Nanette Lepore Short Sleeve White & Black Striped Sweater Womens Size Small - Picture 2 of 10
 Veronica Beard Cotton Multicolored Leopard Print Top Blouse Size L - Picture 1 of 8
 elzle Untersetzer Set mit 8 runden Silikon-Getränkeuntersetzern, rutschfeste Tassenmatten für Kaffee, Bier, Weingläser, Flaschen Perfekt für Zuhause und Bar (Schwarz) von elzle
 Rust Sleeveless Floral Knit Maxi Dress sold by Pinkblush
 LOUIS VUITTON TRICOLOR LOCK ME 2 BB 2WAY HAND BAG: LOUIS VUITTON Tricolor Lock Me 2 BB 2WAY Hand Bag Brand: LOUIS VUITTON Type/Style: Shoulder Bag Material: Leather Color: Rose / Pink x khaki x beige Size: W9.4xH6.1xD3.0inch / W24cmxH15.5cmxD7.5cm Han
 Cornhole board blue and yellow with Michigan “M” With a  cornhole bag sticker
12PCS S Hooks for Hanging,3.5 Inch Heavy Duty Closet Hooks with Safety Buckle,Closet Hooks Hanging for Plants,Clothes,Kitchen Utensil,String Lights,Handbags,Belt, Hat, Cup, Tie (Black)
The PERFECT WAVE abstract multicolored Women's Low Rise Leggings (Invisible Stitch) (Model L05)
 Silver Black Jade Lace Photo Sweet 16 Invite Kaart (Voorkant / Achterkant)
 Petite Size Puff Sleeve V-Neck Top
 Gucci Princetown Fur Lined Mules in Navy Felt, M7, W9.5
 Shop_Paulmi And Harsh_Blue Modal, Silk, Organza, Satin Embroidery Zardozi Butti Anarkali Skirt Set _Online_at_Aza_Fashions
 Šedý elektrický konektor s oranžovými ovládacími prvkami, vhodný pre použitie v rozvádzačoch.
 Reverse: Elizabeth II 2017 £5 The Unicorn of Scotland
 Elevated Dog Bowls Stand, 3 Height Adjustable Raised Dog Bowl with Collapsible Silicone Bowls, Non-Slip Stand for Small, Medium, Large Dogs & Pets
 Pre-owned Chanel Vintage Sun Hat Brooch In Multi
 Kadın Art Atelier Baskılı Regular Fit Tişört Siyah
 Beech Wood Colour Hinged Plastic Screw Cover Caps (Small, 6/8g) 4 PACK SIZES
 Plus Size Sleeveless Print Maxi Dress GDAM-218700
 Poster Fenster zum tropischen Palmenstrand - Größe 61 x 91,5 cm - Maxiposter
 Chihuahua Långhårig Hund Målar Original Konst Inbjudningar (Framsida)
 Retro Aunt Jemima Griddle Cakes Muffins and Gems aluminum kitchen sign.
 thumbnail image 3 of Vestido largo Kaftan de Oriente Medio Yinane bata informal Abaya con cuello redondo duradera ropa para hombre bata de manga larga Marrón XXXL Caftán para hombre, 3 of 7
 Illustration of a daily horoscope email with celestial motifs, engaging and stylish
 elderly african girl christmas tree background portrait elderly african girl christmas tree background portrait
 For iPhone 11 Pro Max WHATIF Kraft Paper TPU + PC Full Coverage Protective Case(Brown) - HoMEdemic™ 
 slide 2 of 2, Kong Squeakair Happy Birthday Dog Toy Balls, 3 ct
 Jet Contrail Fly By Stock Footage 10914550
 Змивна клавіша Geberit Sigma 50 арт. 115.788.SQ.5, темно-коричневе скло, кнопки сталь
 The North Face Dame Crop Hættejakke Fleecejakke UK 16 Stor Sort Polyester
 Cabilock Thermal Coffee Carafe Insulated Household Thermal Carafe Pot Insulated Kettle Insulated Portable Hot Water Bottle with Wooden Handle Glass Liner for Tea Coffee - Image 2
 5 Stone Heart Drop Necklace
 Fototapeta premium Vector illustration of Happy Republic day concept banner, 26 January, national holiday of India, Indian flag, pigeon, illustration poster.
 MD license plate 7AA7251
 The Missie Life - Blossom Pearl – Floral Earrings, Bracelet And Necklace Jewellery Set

- [WORK INSTRUCTION]:
Copy out all of the data. Keep every word unchanged.

- [SOLVED EXERCISE]:
Nanette Lepore Short Sleeve White & Black Striped Sweater Womens Size Small - Picture 2 of 10
 Veronica Beard Cotton Multicolored Leopard Print Top Blouse Size L - Picture 1 of 8
 elzle Untersetzer Set mit 8 runden Silikon-Getränkeuntersetzern, rutschfeste Tassenmatten für Kaffee, Bier, Weingläser, Flaschen Perfekt für Zuhause und Bar (Schwarz) von elzle
 Rust Sleeveless Floral Knit Maxi Dress sold by Pinkblush
 LOUIS VUITTON TRICOLOR LOCK ME 2 BB 2WAY HAND BAG: LOUIS VUITTON Tricolor Lock Me 2 BB 2WAY Hand Bag Brand: LOUIS VUITTON Type/Style: Shoulder Bag Material: Leather Color: Rose / Pink x khaki x beige Size: W9.4xH6.1xD3.0inch / W24cmxH15.5cmxD7.5cm Han
 Cornhole board blue and yellow with Michigan “M” With a  cornhole bag sticker
12PCS S Hooks for Hanging,3.5 Inch Heavy Duty Closet Hooks with Safety Buckle,Closet Hooks Hanging for Plants,Clothes,Kitchen Utensil,String Lights,Handbags,Belt, Hat, Cup, Tie (Black)
The PERFECT WAVE abstract multicolored Women's Low Rise Leggings (Invisible Stitch) (Model L05)
 Silver Black Jade Lace Photo Sweet 16 Invite Kaart (Voorkant / Achterkant)
 Petite Size Puff Sleeve V-Neck Top
 Gucci Princetown Fur Lined Mules in Navy Felt, M7, W9.5
 Shop_Paulmi And Harsh_Blue Modal, Silk, Organza, Satin Embroidery Zardozi Butti Anarkali Skirt Set _Online_at_Aza_Fashions
 Šedý elektrický konektor s oranžovými ovládacími prvkami, vhodný pre použitie v rozvádzačoch.
 Reverse: Elizabeth II 2017 £5 The Unicorn of Scotland
 Elevated Dog Bowls Stand, 3 Height Adjustable Raised Dog Bowl with Collapsible Silicone Bowls, Non-Slip Stand for Small, Medium, Large Dogs & Pets
 Pre-owned Chanel Vintage Sun Hat Brooch In Multi
 Kadın Art Atelier Baskılı Regular Fit Tişört Siyah
 Beech Wood Colour Hinged Plastic Screw Cover Caps (Small, 6/8g) 4 PACK SIZES
 Plus Size Sleeveless Print Maxi Dress GDAM-218700
 Poster Fenster zum tropischen Palmenstrand - Größe 61 x 91,5 cm - Maxiposter
 Chihuahua Långhårig Hund Målar Original Konst Inbjudningar (Framsida)
 Retro Aunt Jemima Griddle Cakes Muffins and Gems aluminum kitchen sign.
 thumbnail image 3 of Vestido largo Kaftan de Oriente Medio Yinane bata informal Abaya con cuello redondo duradera ropa para hombre bata de manga larga Marrón XXXL Caftán para hombre, 3 of 7
 Illustration of a daily horoscope email with celestial motifs, engaging and stylish
 elderly african girl christmas tree background portrait elderly african girl christmas tree background portrait
 For iPhone 11 Pro Max WHATIF Kraft Paper TPU + PC Full Coverage Protective Case(Brown) - HoMEdemic™ 
 slide 2 of 2, Kong Squeakair Happy Birthday Dog Toy Balls, 3 ct
 Jet Contrail Fly By Stock Footage 10914550
 Змивна клавіша Geberit Sigma 50 арт. 115.788.SQ.5, темно-коричневе скло, кнопки сталь
 The North Face Dame Crop Hættejakke Fleecejakke UK 16 Stor Sort Polyester
 Cabilock Thermal Coffee Carafe Insulated Household Thermal Carafe Pot Insulated Kettle Insulated Portable Hot Water Bottle with Wooden Handle Glass Liner for Tea Coffee - Image 2
 5 Stone Heart Drop Necklace
 Fototapeta premium Vector illustration of Happy Republic day concept banner, 26 January, national holiday of India, Indian flag, pigeon, illustration poster.
 MD license plate 7AA7251
 The Missie Life - Blossom Pearl – Floral Earrings, Bracelet And Necklace Jewellery Set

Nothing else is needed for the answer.